_Assignment_
Return every entry exactly, except for any pictures.

Image-text web data

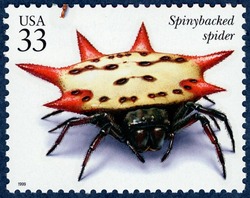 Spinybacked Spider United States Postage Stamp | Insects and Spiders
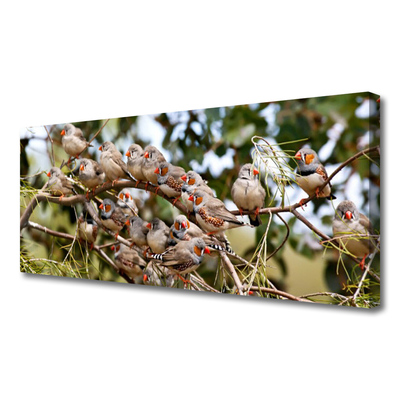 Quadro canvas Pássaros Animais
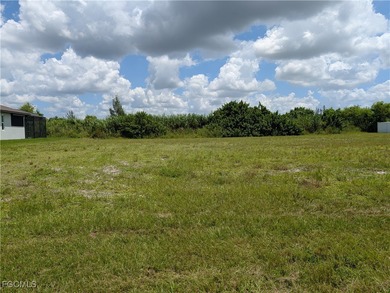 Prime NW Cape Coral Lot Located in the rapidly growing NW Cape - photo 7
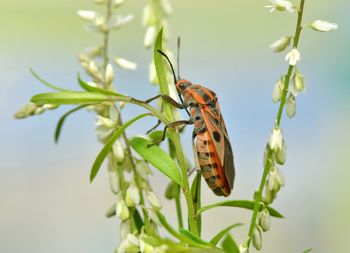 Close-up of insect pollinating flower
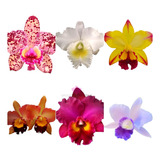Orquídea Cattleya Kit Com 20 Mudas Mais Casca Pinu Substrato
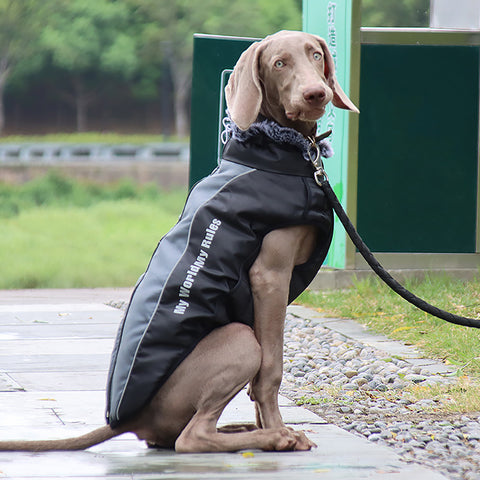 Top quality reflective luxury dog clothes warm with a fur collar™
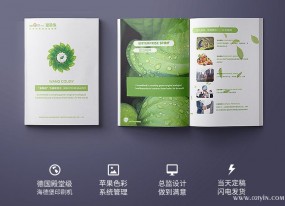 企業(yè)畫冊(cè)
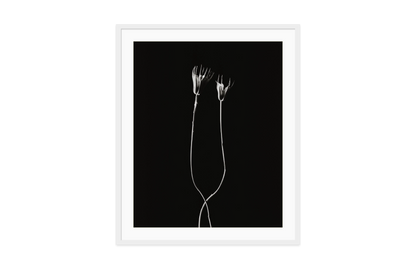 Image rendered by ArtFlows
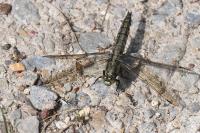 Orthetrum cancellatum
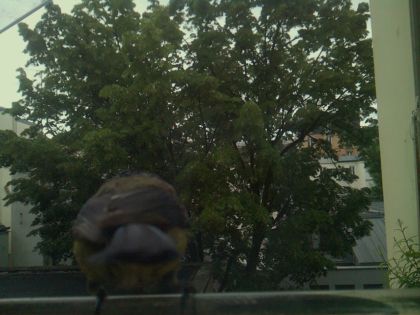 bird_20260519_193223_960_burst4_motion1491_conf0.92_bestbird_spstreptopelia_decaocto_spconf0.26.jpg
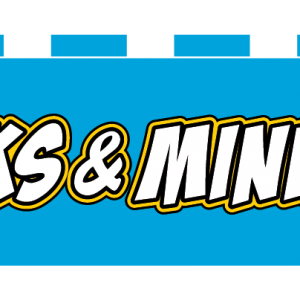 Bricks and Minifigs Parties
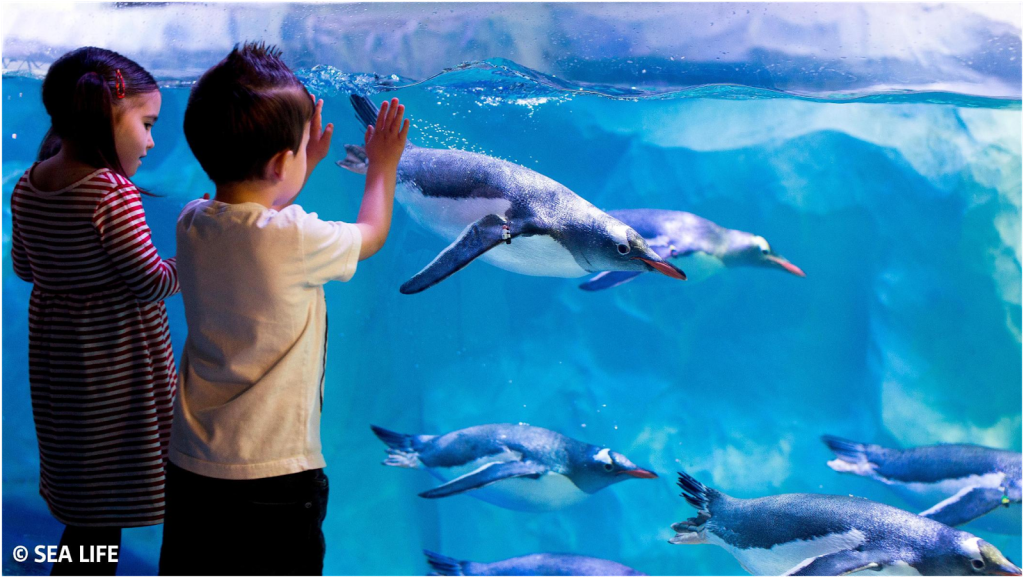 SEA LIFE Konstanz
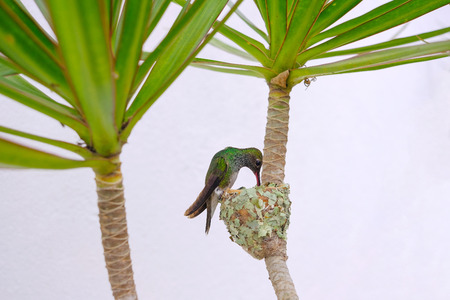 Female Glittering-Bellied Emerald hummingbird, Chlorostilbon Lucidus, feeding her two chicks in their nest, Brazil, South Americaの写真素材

_Completed task_
 Spinybacked Spider United States Postage Stamp | Insects and Spiders
 Quadro canvas Pássaros Animais
 Prime NW Cape Coral Lot Located in the rapidly growing NW Cape - photo 7
 Close-up of insect pollinating flower
Orquídea Cattleya Kit Com 20 Mudas Mais Casca Pinu Substrato
 Top quality reflective luxury dog clothes warm with a fur collar™
 企業(yè)畫冊(cè)
 Image rendered by ArtFlows
 Orthetrum cancellatum
 bird_20260519_193223_960_burst4_motion1491_conf0.92_bestbird_spstreptopelia_decaocto_spconf0.26.jpg
 Bricks and Minifigs Parties
 SEA LIFE Konstanz
 Female Glittering-Bellied Emerald hummingbird, Chlorostilbon Lucidus, feeding her two chicks in their nest, Brazil, South Americaの写真素材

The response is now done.